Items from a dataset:
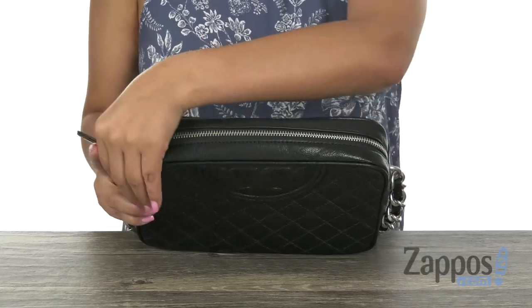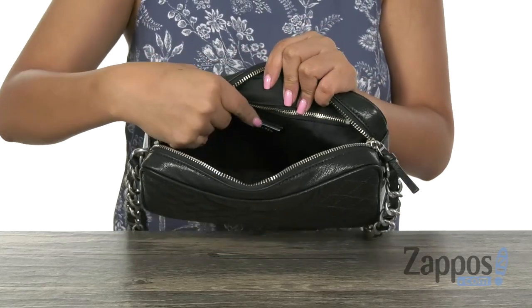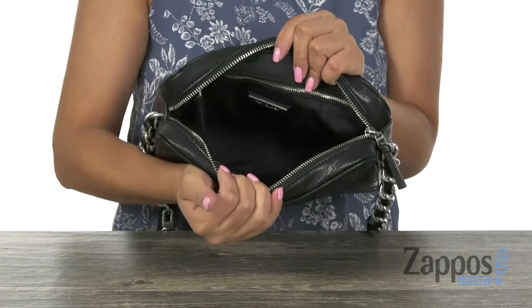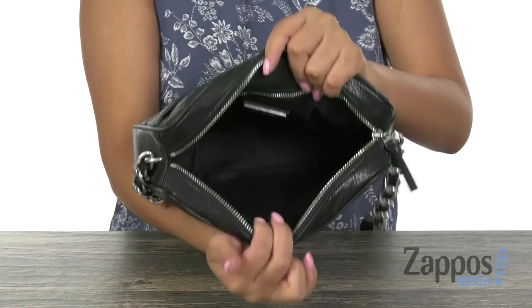Just like so — inside we have a soft textile lining with a back wall zip pocket for those items you want to keep hidden. And as you can see, there is plenty of room for all of your essentials.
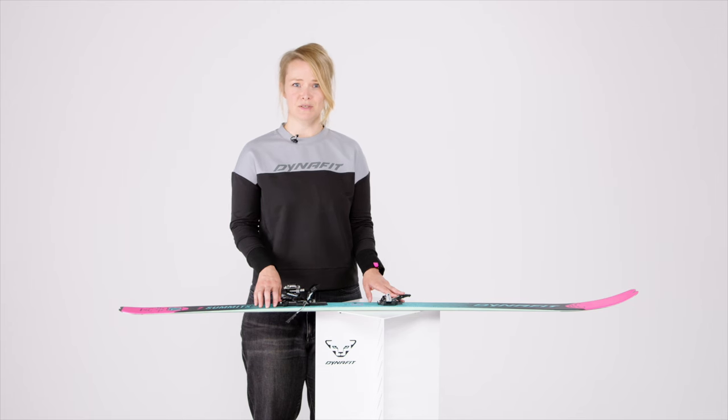We hope you will love this binding as much as we do. See you on the summit and speed up!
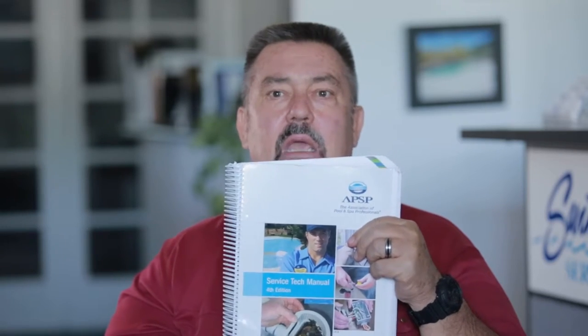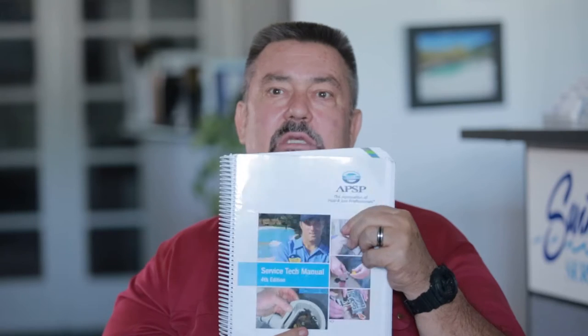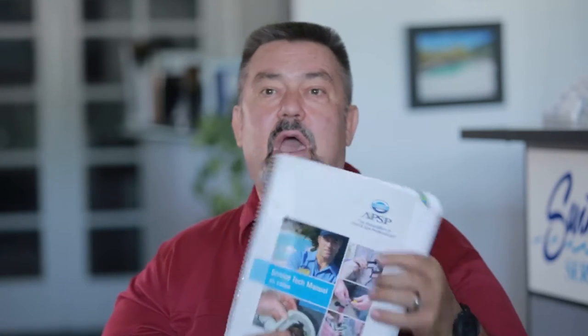We're not the only ones that say to do that. APSP in their service tech manual, page 329, says the best preferred method of balancing water is to keep it in a slight positive indice. Basically the same thing that we're saying. You'll find out very quickly that a lot of these sound water care principles are not unique only to the National Plaster Council.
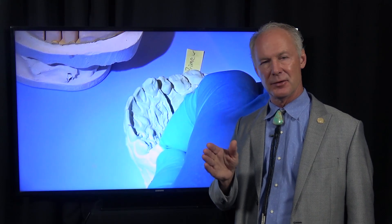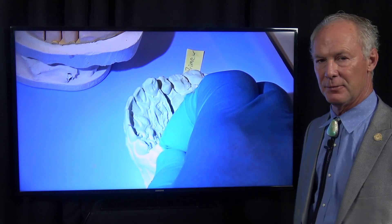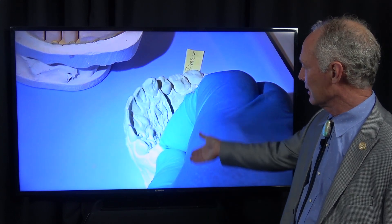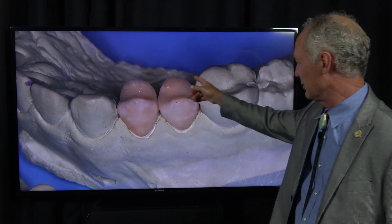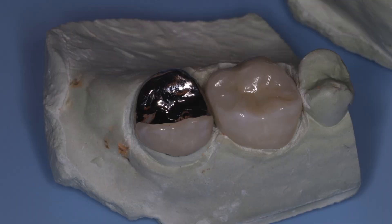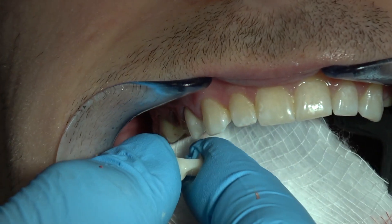That video shows you what to do if that ever happens. But the best thing is an ounce of prevention is worth a pound of cure — just get it right. Take a little time, use the solid model. These are perfect on the solid model, and at most you might have to just dust one every now and then. But normally there's no interproximal adjustment whatsoever. Perfect contacts — they just drop to place. Ideal interproximal contacts.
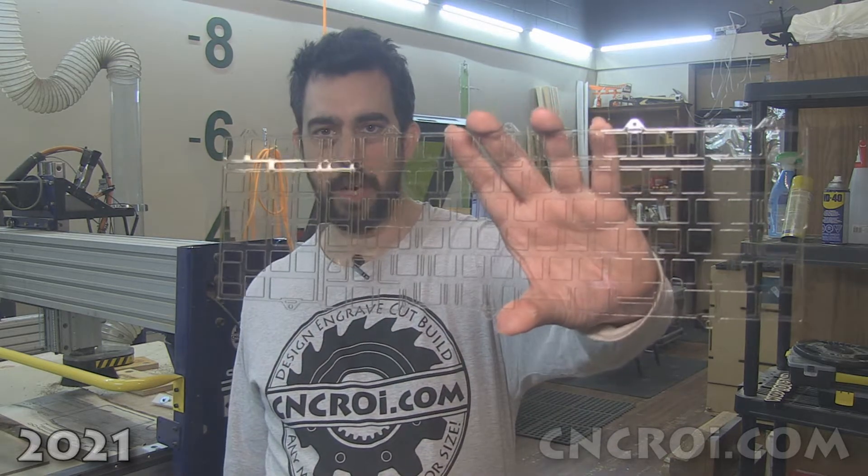Hi there, I'm John from CNCRI.com and today we're going to make some intricate polycarbonate work.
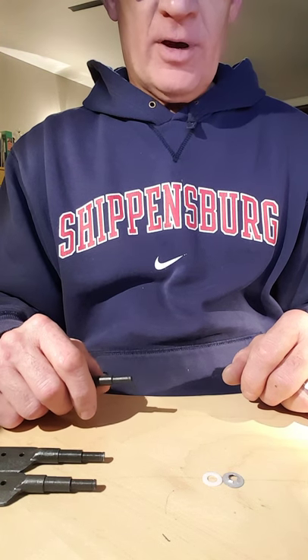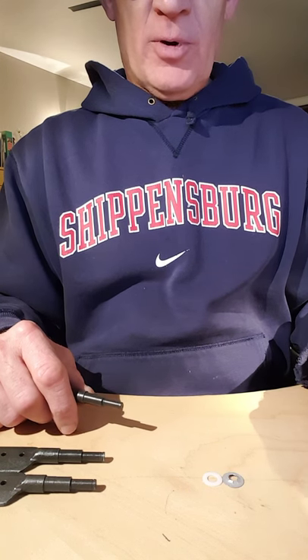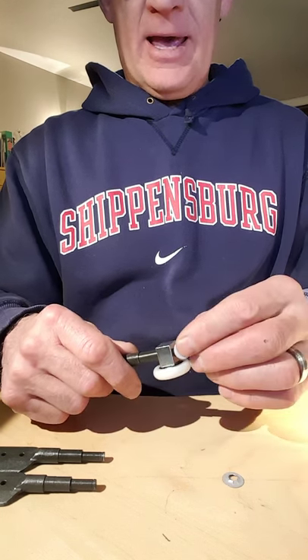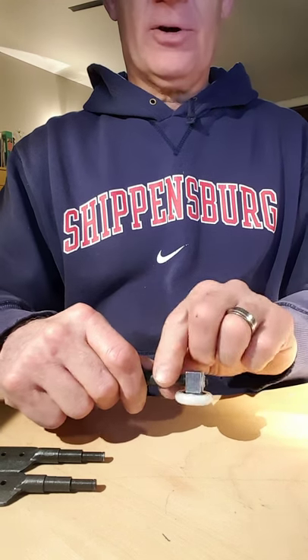We are having a problem with some of the hanger pins. Here is how they're supposed to go on: slip the ring on, then take a plastic washer and then a metal nut and push it on. That's our assembly.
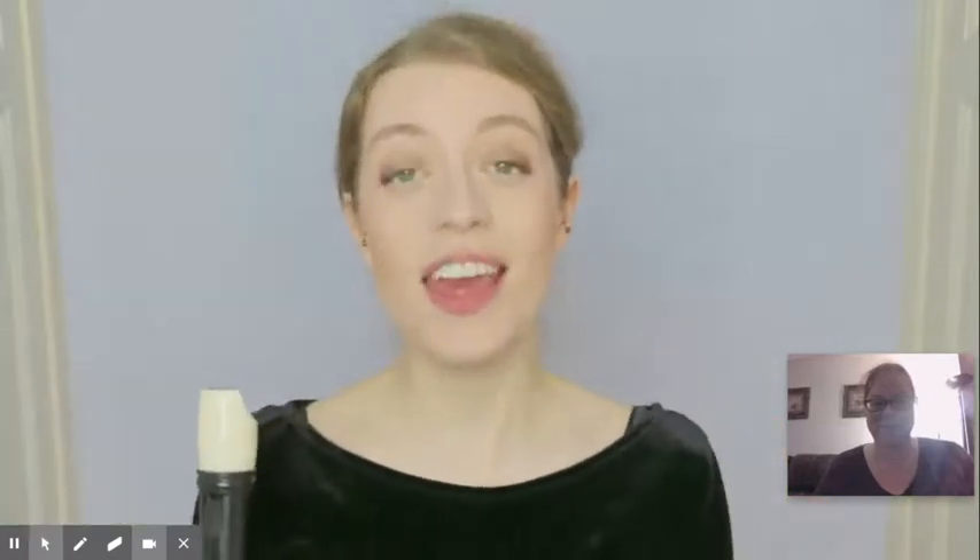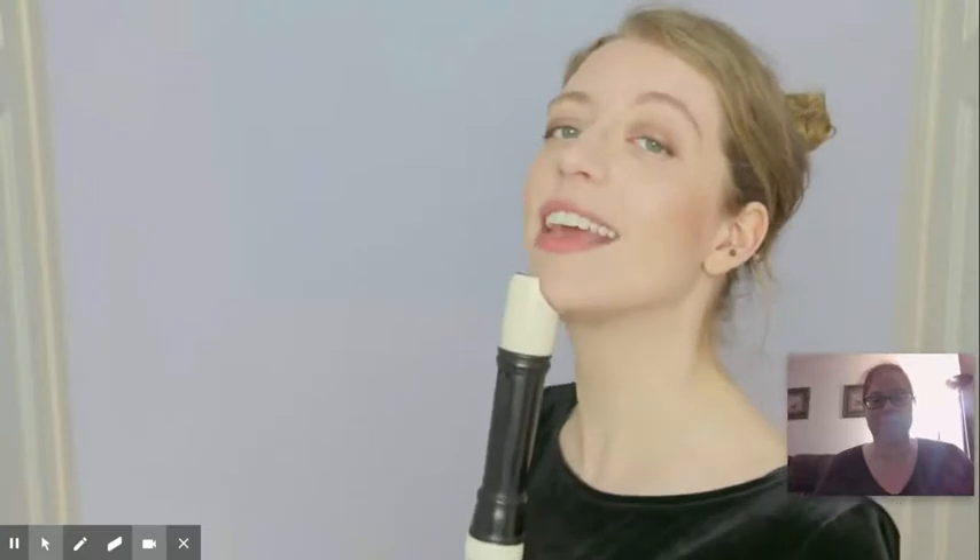Bringing me to number three: bad posture. There are a few elements to posture. It goes without saying that you want everything to be as relaxed and natural as possible, and you want to be standing up nice and straight — no slumping. As for your recorder, if you hold it completely vertically it's gonna be really difficult to hold and it's gonna feel like it's falling out of your hands all the time. So ideally play with something approaching a 45-degree angle.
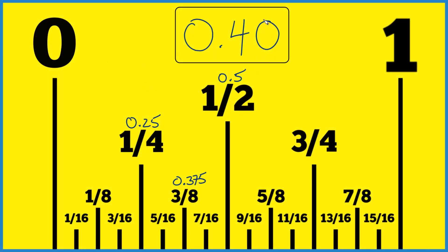If you need to figure out where 0.40 inches is on a ruler or a tape measure, here's how I do it. One divided by two gives us 0.5, and one fourth is 0.25. So I know it's between these two numbers — somewhere between 0.25 and 0.5, closer to 0.5.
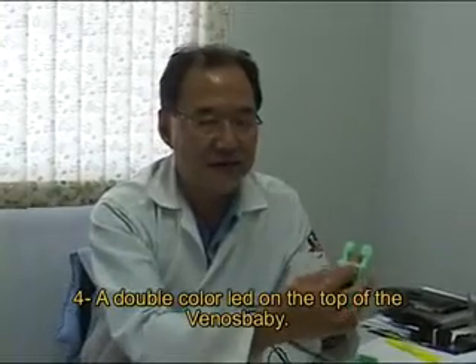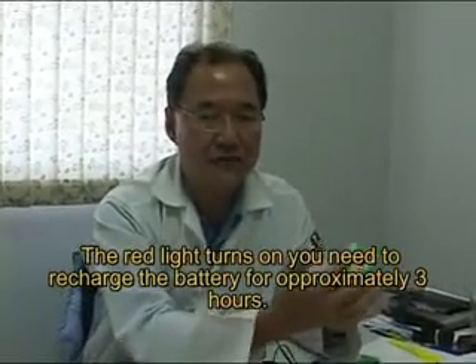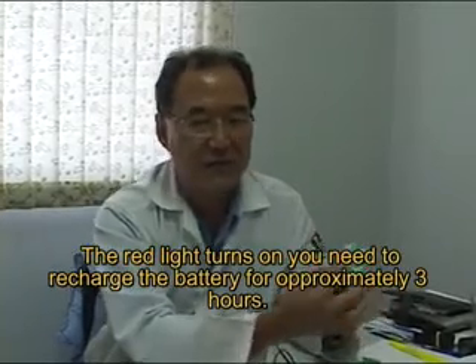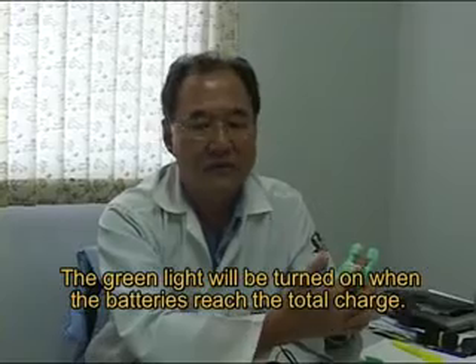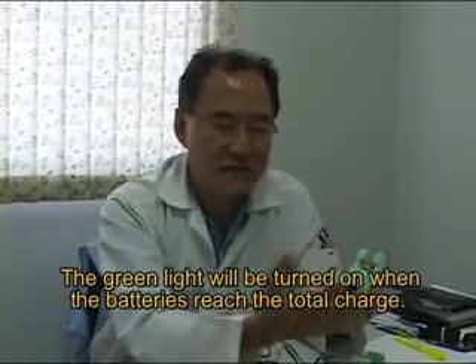When the red light turns on, you will need to recharge the battery for approximately three hours. The green light will turn on when the battery reaches a full charge. As you can see, the VENOS BABY is very easy to use.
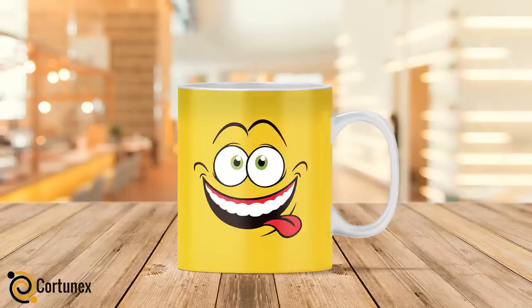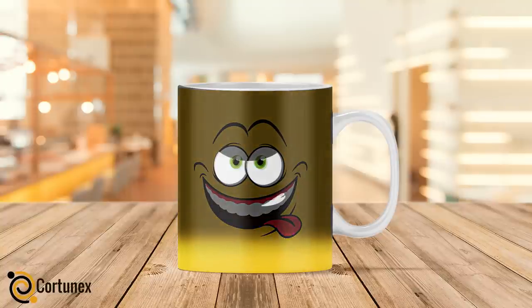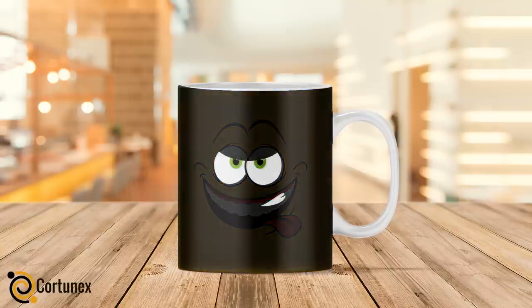Why follow the crowd with dull and boring coffee cups when you can make an individual statement with this amazing heat-sensitive color-changing coffee mug, giving you a pep in your step and a reason to take a moment to collect your thoughts before starting your day.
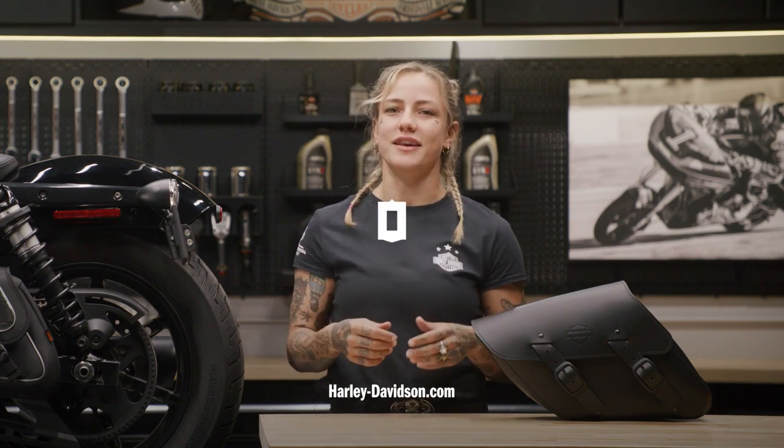For this and any other genuine Harley-Davidson products, visit HarleyDavidson.com or any authorized Harley-Davidson dealer. That's it from me, your favorite Australian. I'll see you again next time.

_Task to complete:_ Leave the pictures out and write out every entry exactly as given.

_Response area:_
Just like so — inside we have a soft textile lining with a back wall zip pocket for those items you want to keep hidden. And as you can see, there is plenty of room for all of your essentials.
We hope you will love this binding as much as we do. See you on the summit and speed up!
We're not the only ones that say to do that. APSP in their service tech manual, page 329, says the best preferred method of balancing water is to keep it in a slight positive indice. Basically the same thing that we're saying. You'll find out very quickly that a lot of these sound water care principles are not unique only to the National Plaster Council.
That video shows you what to do if that ever happens. But the best thing is an ounce of prevention is worth a pound of cure — just get it right. Take a little time, use the solid model. These are perfect on the solid model, and at most you might have to just dust one every now and then. But normally there's no interproximal adjustment whatsoever. Perfect contacts — they just drop to place. Ideal interproximal contacts.
Hi there, I'm John from CNCRI.com and today we're going to make some intricate polycarbonate work.
We are having a problem with some of the hanger pins. Here is how they're supposed to go on: slip the ring on, then take a plastic washer and then a metal nut and push it on. That's our assembly.
Bringing me to number three: bad posture. There are a few elements to posture. It goes without saying that you want everything to be as relaxed and natural as possible, and you want to be standing up nice and straight — no slumping. As for your recorder, if you hold it completely vertically it's gonna be really difficult to hold and it's gonna feel like it's falling out of your hands all the time. So ideally play with something approaching a 45-degree angle.
If you need to figure out where 0.40 inches is on a ruler or a tape measure, here's how I do it. One divided by two gives us 0.5, and one fourth is 0.25. So I know it's between these two numbers — somewhere between 0.25 and 0.5, closer to 0.5.
When the red light turns on, you will need to recharge the battery for approximately three hours. The green light will turn on when the battery reaches a full charge. As you can see, the VENOS BABY is very easy to use.
Why follow the crowd with dull and boring coffee cups when you can make an individual statement with this amazing heat-sensitive color-changing coffee mug, giving you a pep in your step and a reason to take a moment to collect your thoughts before starting your day.
For this and any other genuine Harley-Davidson products, visit HarleyDavidson.com or any authorized Harley-Davidson dealer. That's it from me, your favorite Australian. I'll see you again next time.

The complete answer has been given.